La confesión cristiana se expresa en dos principios (Dios Padre, los pobres)

 y promueve una comunidad de creyentes, que rompen los modelos normales del sistema, para crear una comunidad alternativa de gracia y encuentro entre personas. Este es el milagro, este el secreto: hombres y mujeres pueden vivir y vincularse por la fe en el Padre, en comunión de amor a los pequeños, excluidos del sistema.

Desde esa confesión se unieron los primeros cristianos, esperando la próxima venida de Jesús, el fin del tiempo. Pero Jesús no llegó de aquella forma (en parusía espectacular), sino que viene por la pascua, en la comunidad creyente, que se funda en Dios (fuente de gracia) y se abre a los excluidos (signo de presencia divina), rompiendo los moldes del sistema. Más allá de toda representación y ley, planificación y fingimiento, Dios Padre es principio personal de vida, a quien podemos encontrar en oración. Más allá del sistema están los excluidos e impotentes (enfermos, impuros...) a quienes desde Dios amamos. Sobre ese doble (y único) principio de exterioridad sistémica (Dios y los pobres)fundan los cristianos su ruptura sanadora, expresan el sentido de la vida sobre el mundo[2].

 NOTAS

[1] En esta perspectiva podemos aludir al juramento. Mt incluye dos pasajes sobre el tema: uno de disputa intra-eclesial de tipo legalista, que defiende de manera puntillosa el buen juramente contra el malo (Mt 23, 16-22); otro que rechaza de forma evangélica todo juramente religioso, pidiendo a los creyentes que mantengan simplemente su palabra: sí o no (Mt 5, 33-36). La iglesia posterior no ha recibido bien ese evangelio y pide juramentos que parece obsesivos, como en el caso del juramento anti-modernista de los que inician un curso académico o tomar de posesión de un ministerio. Sólo una jerarquía que no cree a sus creyentes y duda de sus ministros puede pedirles, contra el evangelio, un juramente de ese tipo. El quiere control y por eso apela al juramento. A la iglesia ha de bastarle el sí o no de la palabra personal..

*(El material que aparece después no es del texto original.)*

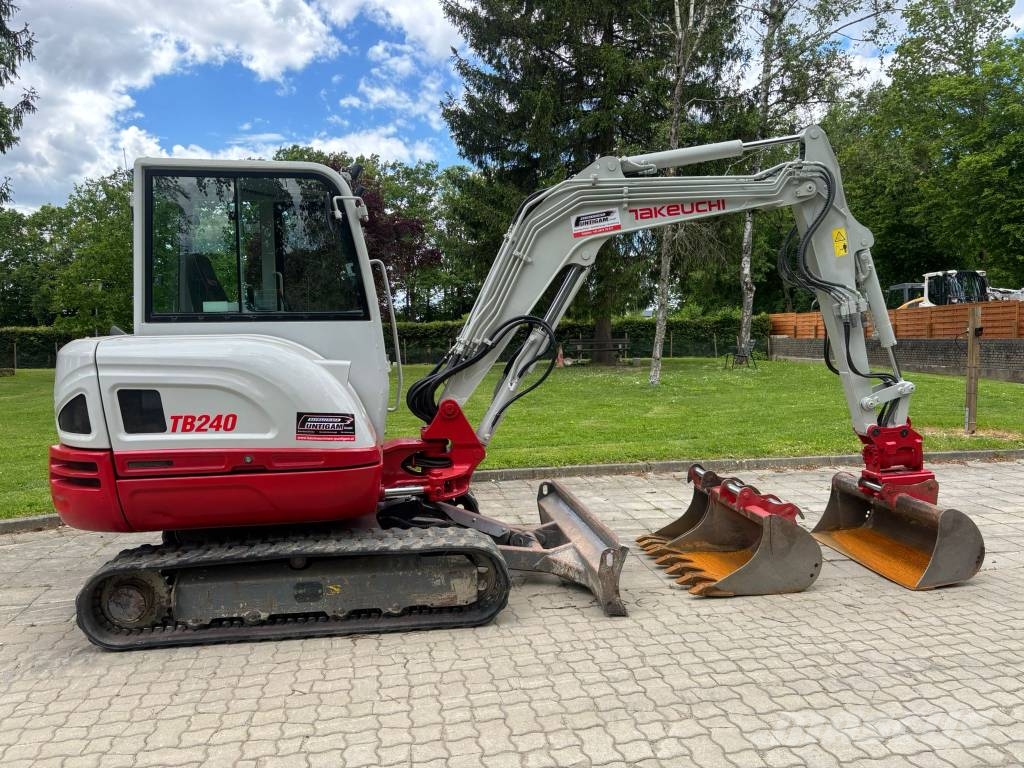 Takeuchi TB 240 Minibagger < 7t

[2] Ningún sistema sacral o jerarquía religiosa, puede avalar y justificar estos principio: Dios y los pobres. Por eso, los cristianos se saben dislocados en el mundo. Lo que ellos más valoran no vale en el sistema: ni es necesario su Dios, ni son necesarios sus pobres. Ambos moran fuera del sistema: superan los cálculos, son signo radical de gracia, expresión de la extrañeza de la vida. No sabemos por qué son así, cómo funcionan, porque simplemente no funcionan: ni el Padre Dios ni los pobres hombres sirven al sistema, que se limita a utilizarlos o los tolera. El dios del mundo opera sacralizando religiosamente el orden establecido. El Dios de Jesús rompe la estructura del sistema, para revelarse como gratuidad en la oración contemplativa y en amor a los excluidos.